Senator BARTLETT (Leader of the Australian Democrats) (9:51 AM) —by leave—The motion that I moved on behalf of the Democrats acknowledges some of the problems that people have mentioned. It does not go to the issue of estimates hearings, which is another issue.

Senator Ferguson —You guys hardly ever go, so it doesn't matter.

Senator BARTLETT —We cannot get any space. But the fact is that the number of days that the Senate sits as a full chamber to consider legislation and other matters is very low by historical standards, and the number of pieces of legislation from the government we have to consider, let alone the number of regulations and other instruments, is increasing.

On top of that there is the other business—what you might call general business or private senators' bills that also do not get adequate time for consideration. In the Democrats' view, whilst historically the government may be the one that sets the days, we need to acknowledge that the Senate is not the government; the Senate is separate from the government and, indeed, the Senate is probably the only opportunity the people of Australia have to oversee and actually constrain some of the actions of government, and we should be more independent in determining our business and how we deal with it.

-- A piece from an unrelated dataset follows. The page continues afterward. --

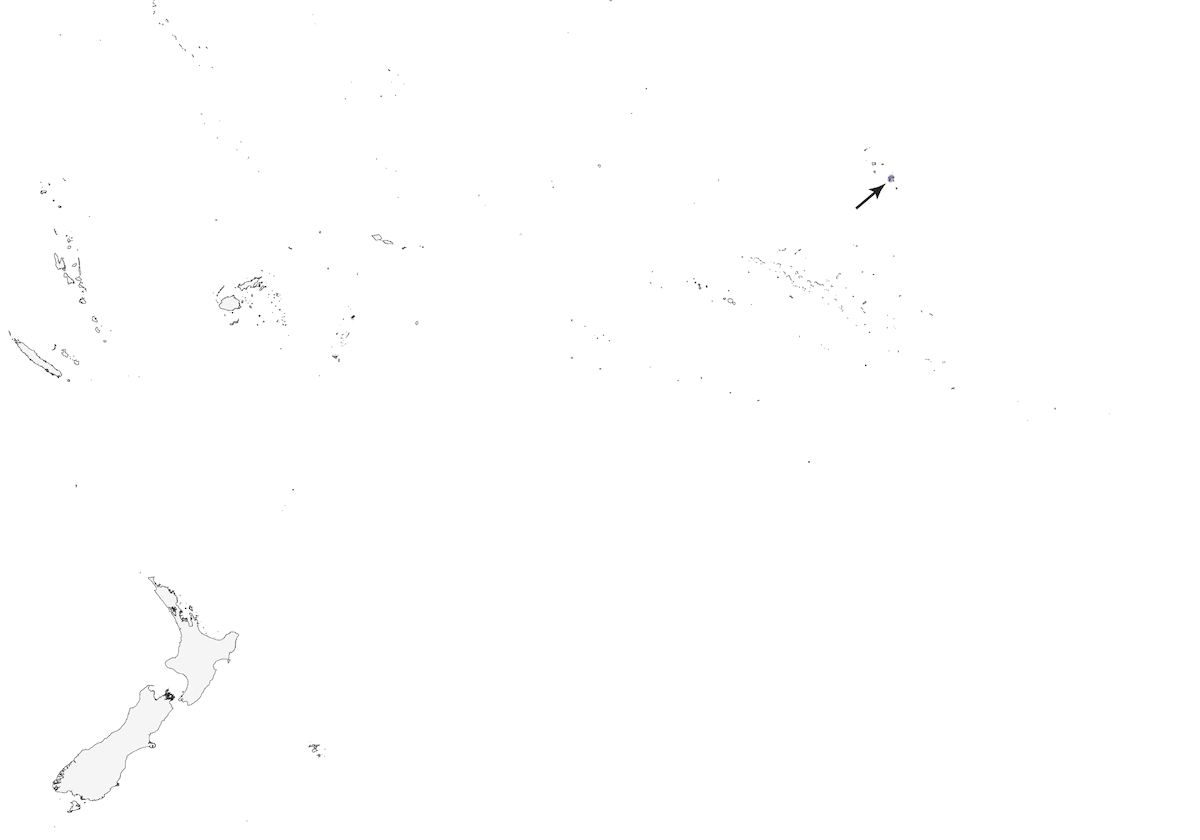 Martin pescatore delle Marchesi, Distribuzione 1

The other point—this is what Senator Ludwig was saying—is that I agree that that is the way things work, but that tends to mean what we are going to get tonight: when we are in difficulties we sit late. From the Democrats' point of view it is far better to make the time available in the first place rather than do the inevitable sitting through till midnight. I think we all recognise that apart from it being unpleasant, unhealthy and generally undesirable to have lots of late night sittings, it means that the degree of consideration that should occur for legislation does not occur. We do not consider the issues as fully as we should at 12 o'clock at night. From the Democrats' point of view the Senate has an important role. It is not the only work we do, obviously, but our legislative role is an important one. Frankly, we believe that the number of days being put forward is not adequate to do that role properly. We think there should be more days set in advance for us to do that part of our job more effectively and more adequately than we are doing.